Tefkin doesn't have her hands behind her back in "In the Land of the Giants," her autobiographical one-woman pop/rock cabaret; she has them out front, thumping a bass guitar, as she relates fractured, poignant, often hilarious tales of minor celebrity, despair, and humiliation--in other words, the average actor's life.

 

From her years as a "tiny prodigy" and child of divorce, through ludicrous acting classes, unrewarding relationships and unsought career advice from all comers, Tefkin's throughline is her struggle to develop a sturdy sense of self in a town where "a woman is a perishable commodity," as a longtime therapist tells her.

 

Indeed, as she tells it, Tefkin has been surrounded by fantastically self-involved people--parents, psychiatrists, agents, boyfriends.

 

It's something of a miracle, then, that she retains such a deceptively breezy, self-deprecating sense of humor about a business that's left her, as she puts it in the show's ironically affirmative closer, "Lonely, uninsured and disappointed."

 

As a singer/songwriter, she's no Aimee Mann, but her tunes are witty and often pretty, and they're backed with loving subtlety by guitarist Bernard Yin and drummer Michael Kramer.

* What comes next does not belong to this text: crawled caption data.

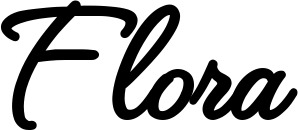 Vorschau des Bootsnamens "Flora" als Schriftzug für "Bootsbeschriftung Klassisch 111"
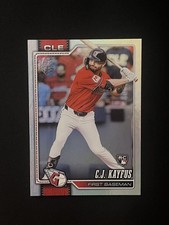 2026 Topps Series 1 Rainbow Foil Card #35 C.J. Kayfus (RC) CLE Gaurdians ⚾️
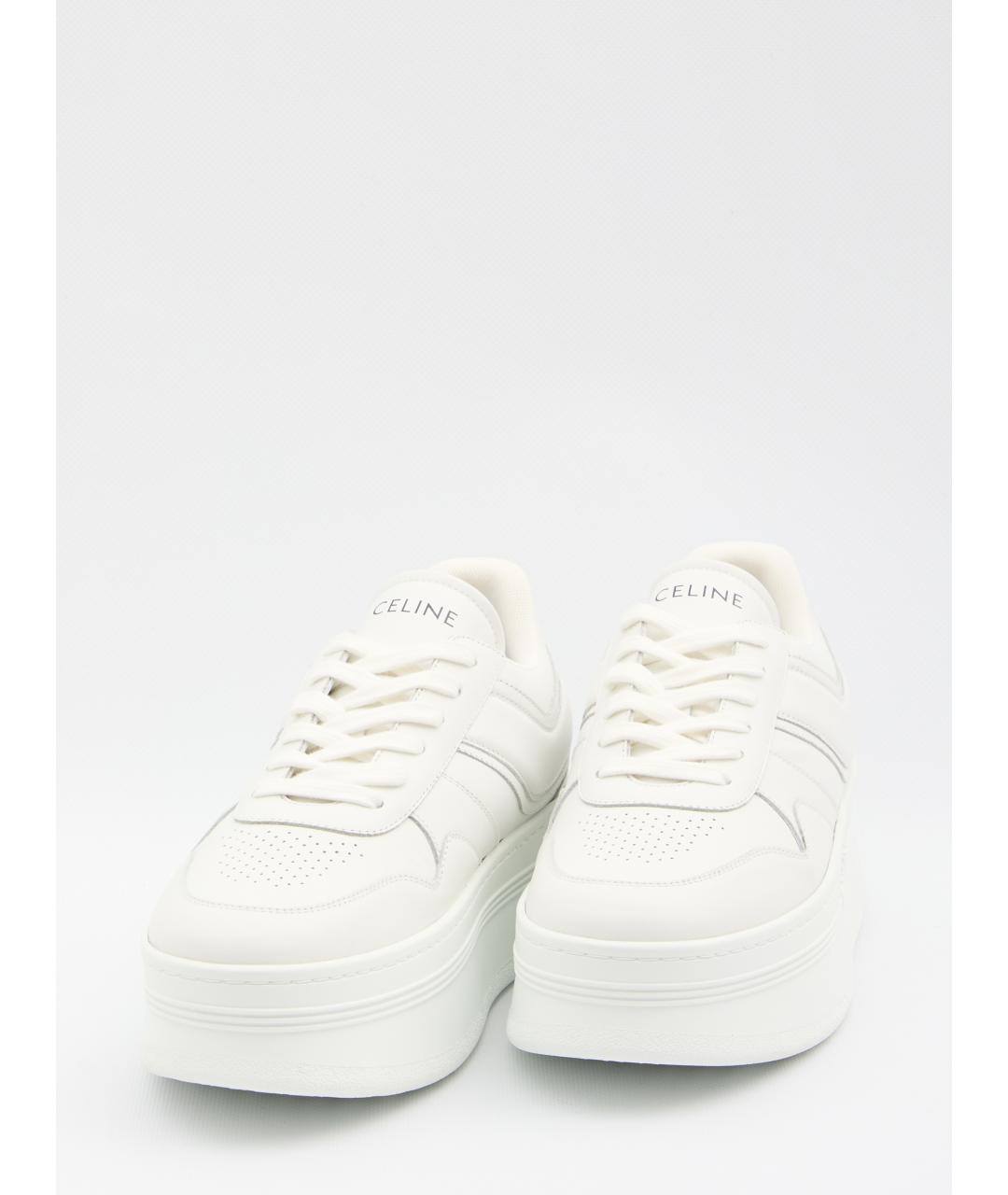 CELINE Белые кожаные кеды, фото 5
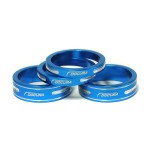 DC-WH-0510 B - Podkładki AHEAD 2x5mm+2x10mm alu niebieskie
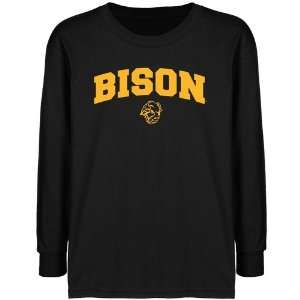  North Dakota State Bison Youth Black Logo Arch T shirt 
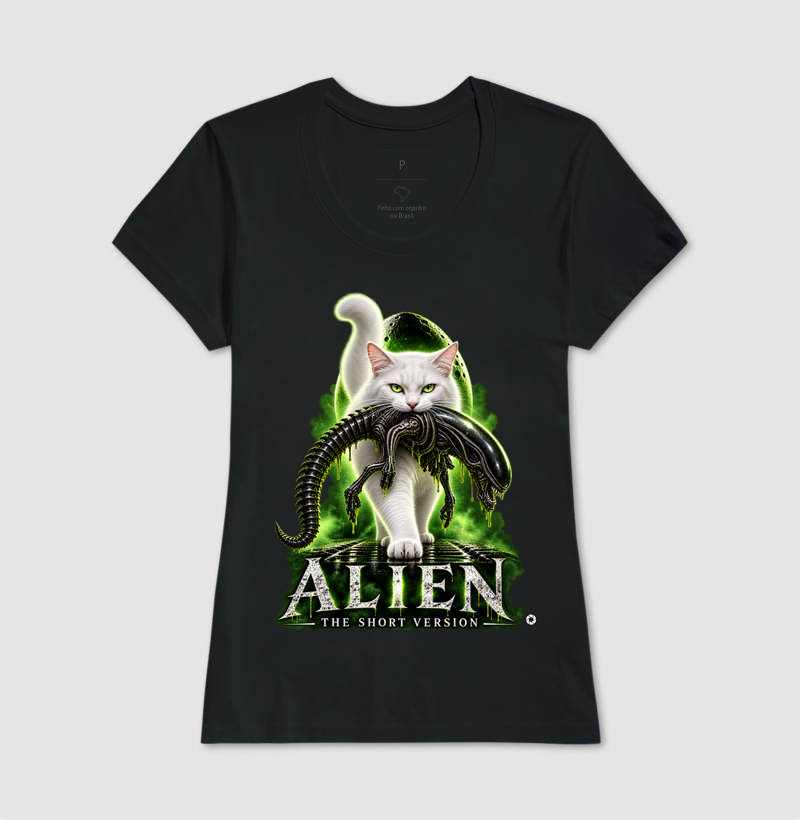 Alien – The Short Version Gatos (branquinho) - Imagem 3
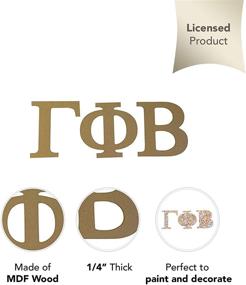 img 2 attached to Express Your Sorority Pride with the Gamma Phi Beta 7.5 Inch Unfinished Wood Wooden Letter Set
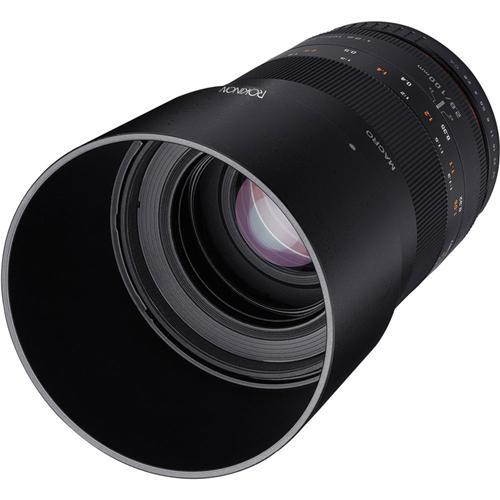Rokinon 100mm F2.8 Full Frame Macro Lens for Sony E Mount, Manual Focus #100M-E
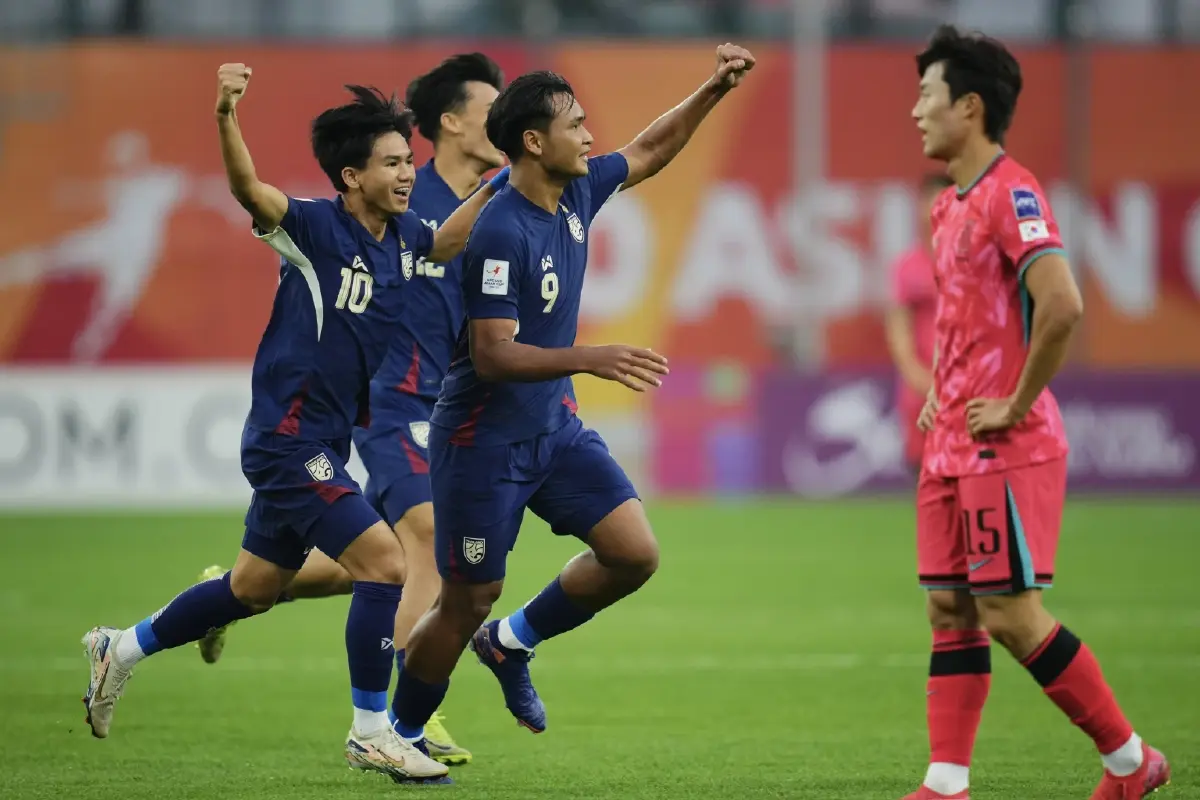 "ทีมชาติไทย U20" พ่าย เกาหลีใต้ 1-4 ศึกชิงแชมป์เอเชียนัด 2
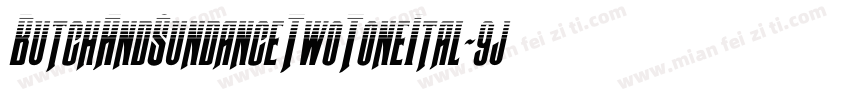 ButchAndSundanceTwoToneItal-9jd2字体转换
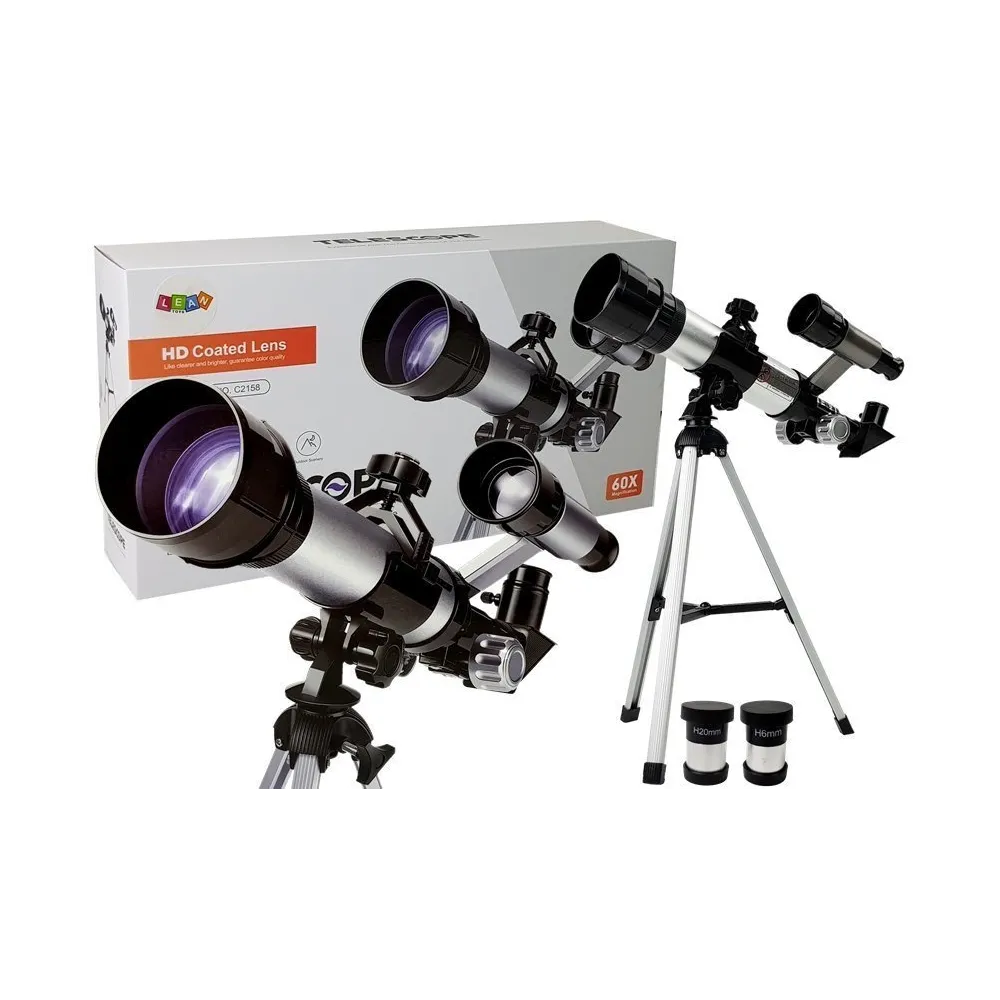 Edukacyjny teleskop dla dzieci z akcesoriami i statywem do nauki astronomii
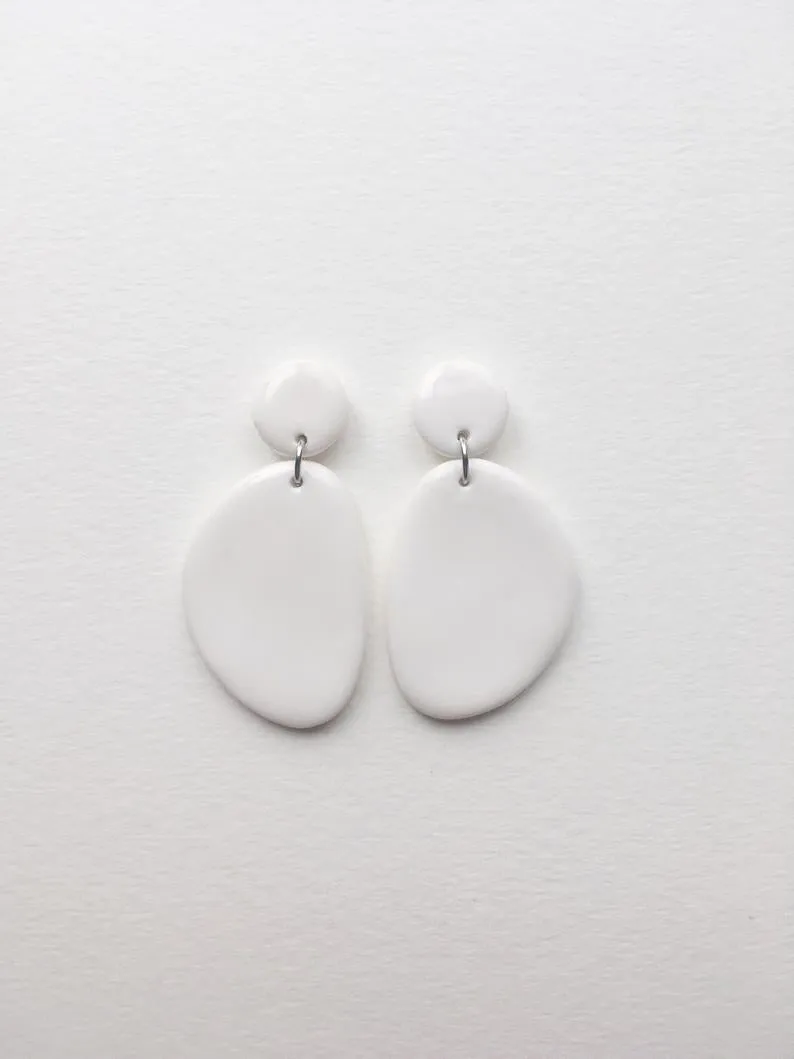 Cartouche MTL Olive Earrings (Various Colours)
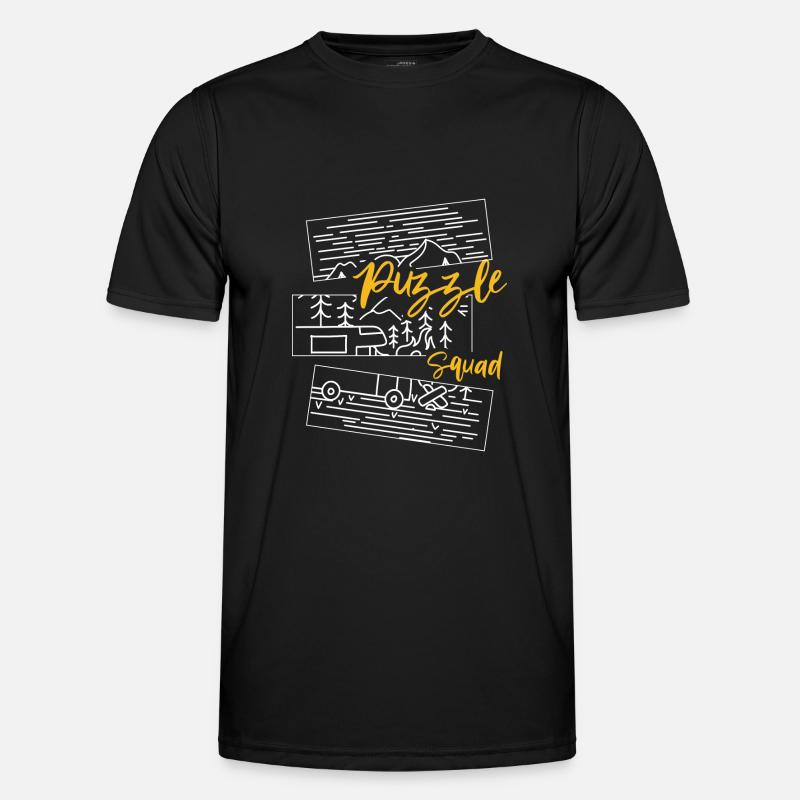 Puzzle Squad Puzzle Hobby Puzzle - Männer Funktions-T-Shirt - Schwarz
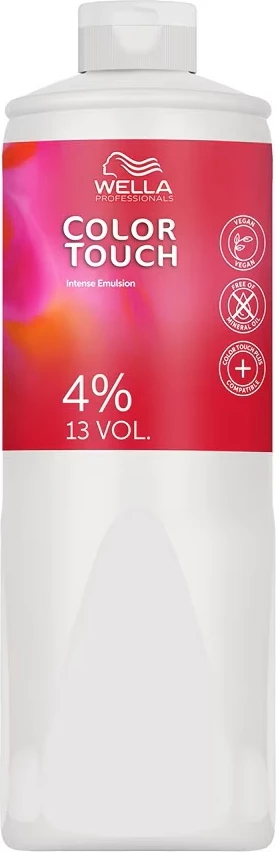 Emulsion oksidues për flokë Wella Professionals Color Touch 4% për femra, 1000ml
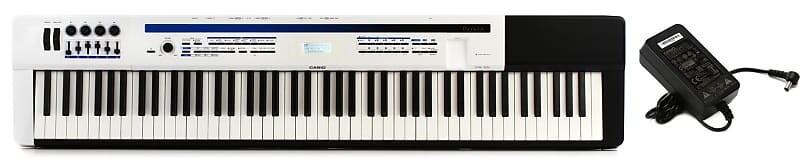 

Комплект 88-клавишного сценического фортепиано Casio Privia PX-5S с блоком питания переменного тока Casio ADA12150 12 В PX-5S=1 AD-A12150LW=1
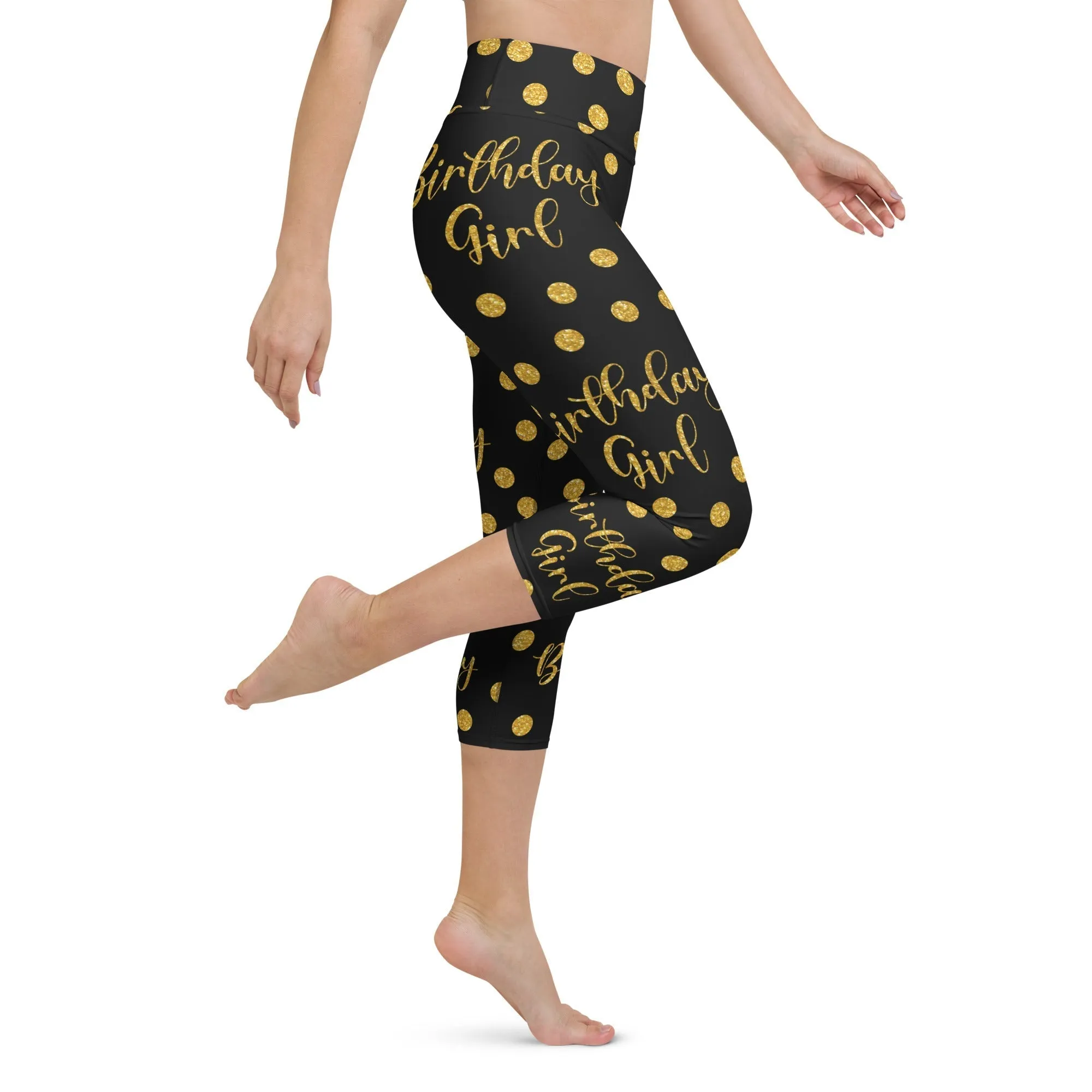 Golden Birthday Girl Yoga Capris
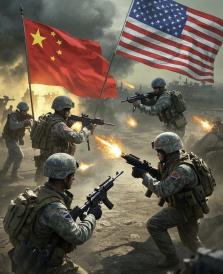 美国到底会不会向中国开战呢？这么说吧，美国100%想开战，因为中国已经对美国霸权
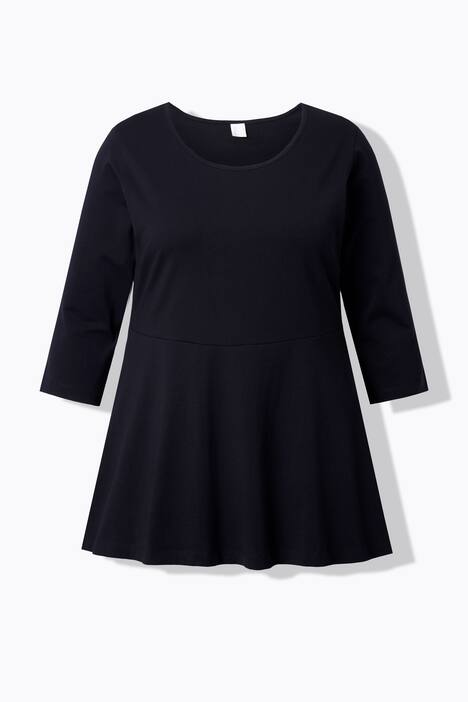 T-shirt, peplum, 3/4-ærmer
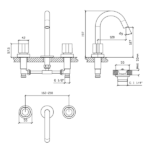 AQUALAF GRIF HUILEN LAVATORIO PICO ALTO - Imagen 4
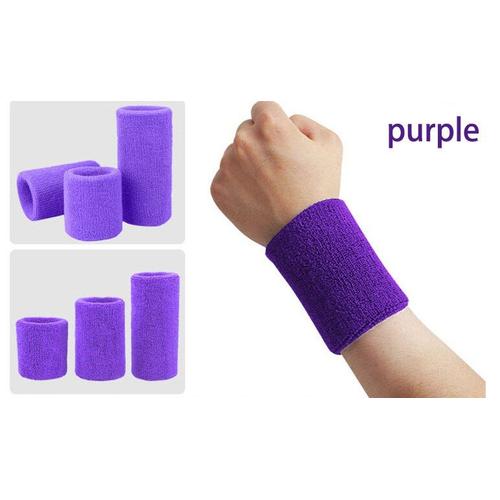 Purple -Protège Poignet Élastique Pour Hommes Et Femmes,1 Pièce,Manchette,Serviette,Gym,Fitness,Entraînement De Puissance,Bre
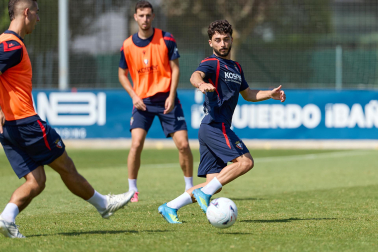 Fotos del entrenamiento de Osasuna de este lunes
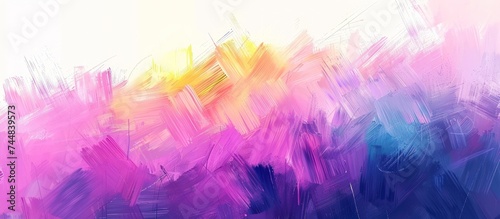 Digital artwork brush strokes oil painting on vibrant color background. AI generated image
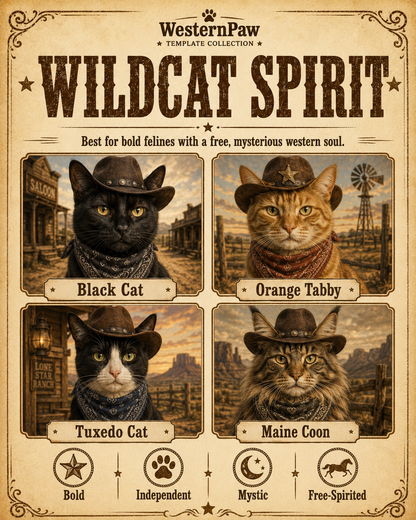 Custom Wildcat Spirit Cat Tee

Director Andy Fickman gives the proceedings smooth but not overly slick momentum.

 

The show's last third dips slightly into tepid bathos. The emphasis isn't needed, for Tefkin's blank stare finally conveys not so much ditziness as a look of hard-won wisdom. She's faced some cruel music and she's still dancing.

--Rob Kendt

 

"In the Land of the Giants," Bossyboots Productions at the 2nd Stage Theatre, 6500 Santa Monica Blvd., Hollywood. Thursdays-Saturdays, 8 p.m. Ends Mar. 13. $15. (323) 960-7744. Running time: 1 hour, 10 minutes.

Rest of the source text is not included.